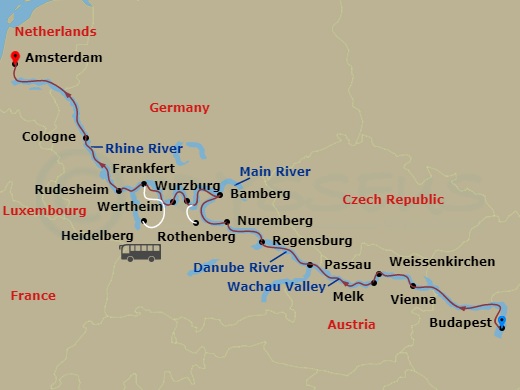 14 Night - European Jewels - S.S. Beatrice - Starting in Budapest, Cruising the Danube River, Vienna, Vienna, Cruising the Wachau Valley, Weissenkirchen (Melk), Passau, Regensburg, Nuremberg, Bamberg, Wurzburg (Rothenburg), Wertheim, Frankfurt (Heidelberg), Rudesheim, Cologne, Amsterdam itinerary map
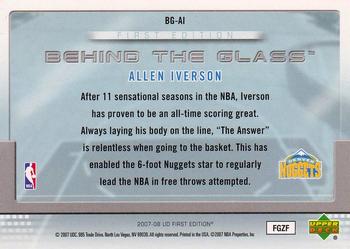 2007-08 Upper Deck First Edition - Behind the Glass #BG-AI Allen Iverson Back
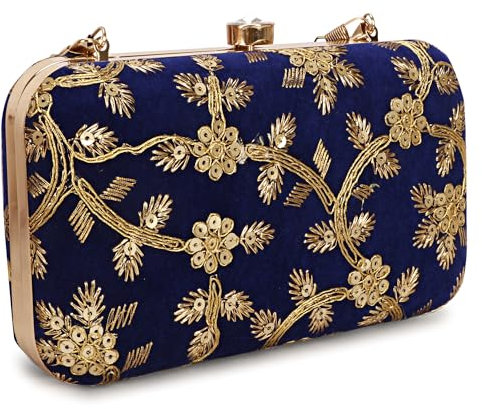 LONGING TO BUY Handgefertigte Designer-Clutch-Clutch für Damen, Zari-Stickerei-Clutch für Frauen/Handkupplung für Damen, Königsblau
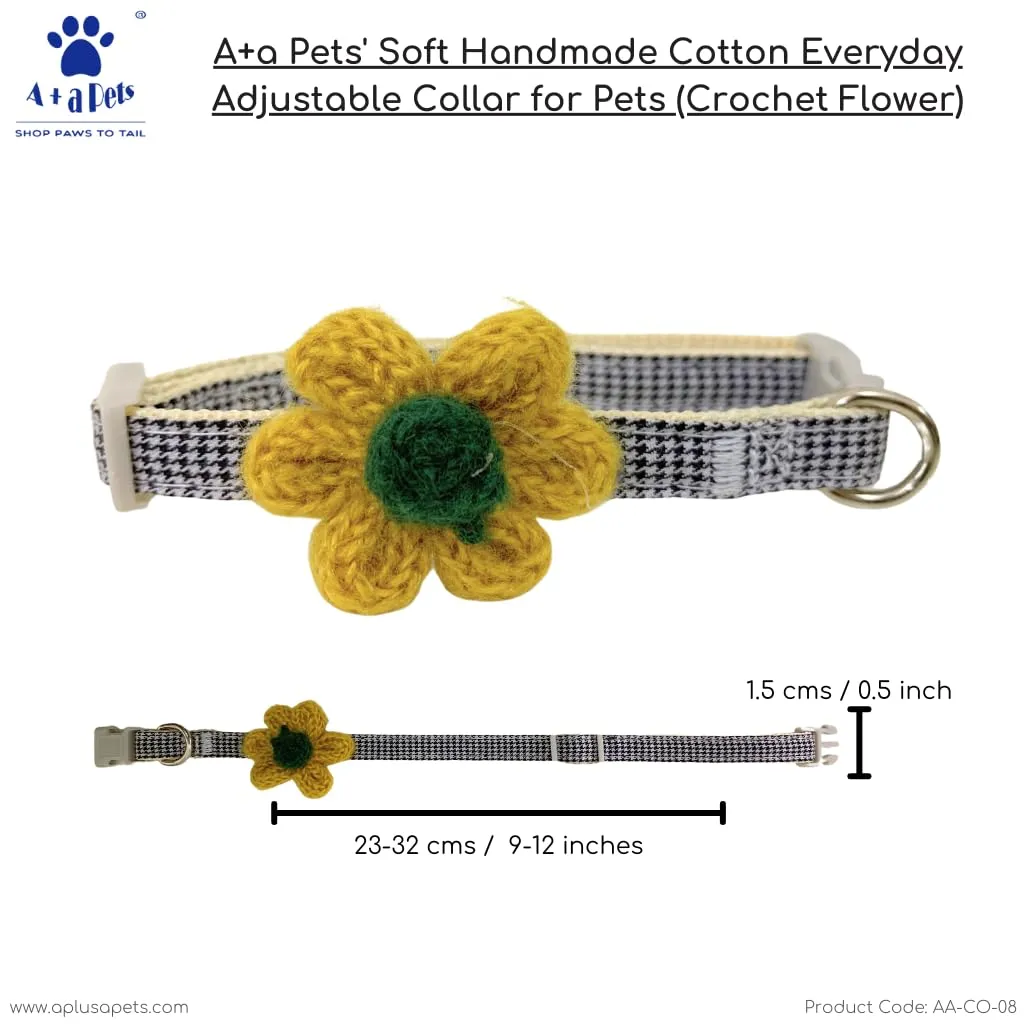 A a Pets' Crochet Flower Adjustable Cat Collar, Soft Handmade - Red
__________________________________________________
[Exercise directions] Ignoring the pictures, write out word for word the lines from the line containing "2007-08 Upper Deck" through the end of the material above.

[Task output]
 2007-08 Upper Deck First Edition - Behind the Glass #BG-AI Allen Iverson Back
 LONGING TO BUY Handgefertigte Designer-Clutch-Clutch für Damen, Zari-Stickerei-Clutch für Frauen/Handkupplung für Damen, Königsblau
 A a Pets' Crochet Flower Adjustable Cat Collar, Soft Handmade - Red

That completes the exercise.